Morris works in both painting and film, and considers the two to be interconnected.

From about 1997 her paintings were geometric Modernist grid designs with flat planes of colour; a related series was of glass-faced skyscrapers with geometric landscape designs reflected in their façades. Among her earlier painting styles were screen-prints reminiscent of Andy Warhol, word-paintings, and paintings of shoes.
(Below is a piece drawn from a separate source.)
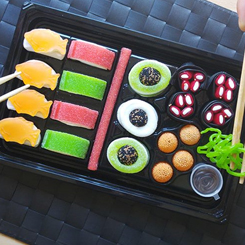 ¿Eres fan del sushi?  Entonces puedes sorprender a los tuyos con esta divertida bandeja de chuches en forma de sushi. Disfruta de tu serie o peli preferida degustando está bandeja de sushi creada por Chupa Chups. 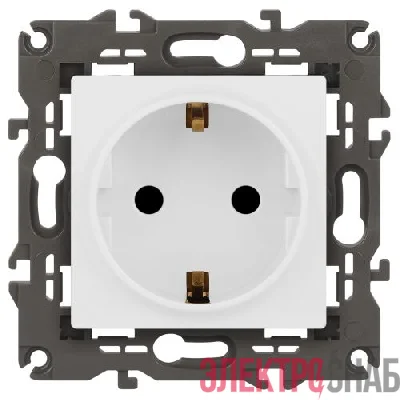 Розетка Elegance 14-2102-01М 16А 250В 2P+E Schuko защ. шторки матов. бел. Эра Б0065804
Morris' films have been characterized as portraits that focus on the psychology of individuals or cities. Her films about cities, like Midtown, Chicago, Los Angeles, and Rio depict urban scenes, capturing the architecture, politics, industry and leisure which define a specific place. Other films describe a place through the viewpoint of an individual, like psychologist Dr. George Sieber describing the terrorist event at the Olympic Stadium in Munich in the film 1972 or the industry politics of Hollywood from the viewpoint of screenwriter and producer in the eponymous film Robert Towne.

Exhibitions
She has shown internationally, with solo exhibitions at Hamburger Bahnhof in Berlin (2001), Palais de Tokyo in Paris (2005), Fondation Beyeler in Basel (2008), Museum für Moderne Kunst in Frankfurt (2009), Museo d’Arte Moderna di Bologna (2009), and Musée National Fernand Léger in Biot (2012).

She has created site-specific works for various institutions including the Lever House, Kunsthalle Bremen in Germany, Kunstsammlung Nordrhein-Westfalen Museum, Düsseldorf, Germany, the lobby of UBS in New York City and the Gloucester Road tube station in London.
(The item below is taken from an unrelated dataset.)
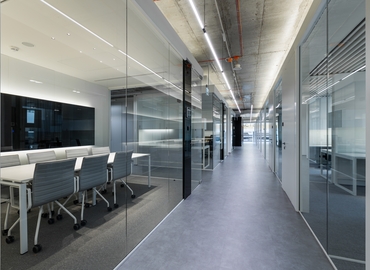 Choose a 20 m² Conference room in Шевченківський, вулиця Дорогожицька 3 (04119) - 8 | MatchOffice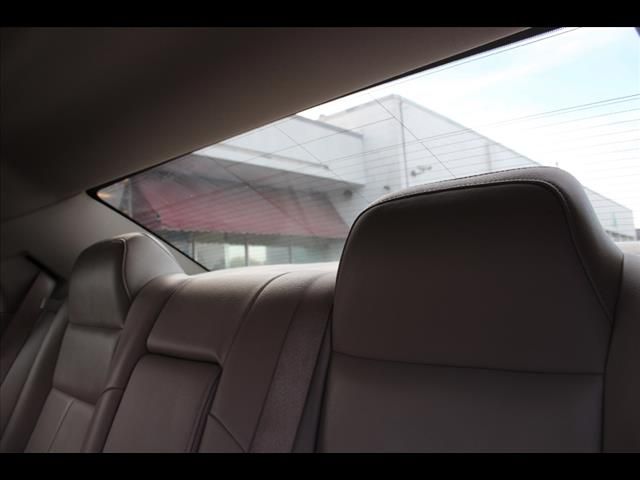 2005 Chrysler 300 SLT 25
Morris' films have been featured at the following:

Ullens Center for Contemporary Art in Beijing (Entire filmography),
Fondation Louis Vuitton in Paris (Strange Magic),
 Museum of Contemporary Art in Chicago (Chicago), 
 Sotheby's in New York (Points on a Line),
 Barbican Centre in London (Beijing, Midtown),
 Guggenheim in New York (Midtown, AM/PM, Capital, Miami, Los Angeles), 
 Centre Pompidou (Midtown, AM/PM, Capital, Miami, Los Angeles).

Public collections 
 Albright-Knox Art Gallery, Buffalo
 Berardo Collection, Sintra, Portugal
 British Council, London
 Centre d’Art Contemporain, Le Consortium, Dijon
 Centre Pompidou, Paris
 Cooper Hewitt Smithsonian Design Museum, New York
 Dallas Museum of Art, Dallas
 Fondation Louis Vuitton, Paris
 F.R.A.C. Bourgogne, Dijon
 F.R.A.C. Poitou-Charentes
 Government Art Collection, London
 Solomon R. Guggenheim Museum, New York
 Kunsthalle Bremen, Bremen
 Kunstmuseum Wolfsburg, Wolfsburg
 Städtische Galerie im Lenbachhaus, Munich
 Miami Art Museum
 Musee d’Art Moderne de la Ville de Paris
 Museum of Contemporary Art, Los Angeles
 Museum of Modern Art, New York
 Museum fur Moderne Kunst, Frankfurt
 Sammlung DaimlerChrysler, Berlin
 Stedelijk Museum, Amsterdam
 Tate Modern, London
 UBS Art Collection, New York
 Yale Center for British Art, New Haven
 Victoria and Albert Museum, London

Filmography 

 Midtown (1998)
 AM/PM (1999)
 Capital (2000)
 Miami (2002)
 Los Angeles (2004)
 Robert Towne (2006)
 1972 (2008)
 Beijing (2008)
 Points on a Line (2010)
 Chicago (2011)
 Rio (2012)
 Strange Magic (2014)
 Abu Dhabi (2016)
 Finite and Infinite Games (2017)
 Sakura (2019)

Other activities
 Americans for the Arts, Member of the Artists Committee

Origami lawsuit
In 2011 Morris was sued by a group of six origami artists, including American Robert J. Lang. They alleged that in 24 works (eventually discovered to be 33 or more) in her "Origami" series of paintings Morris had without permission or credit copied their original crease patterns, coloured them, and sold them as "found" or "traditional" designs.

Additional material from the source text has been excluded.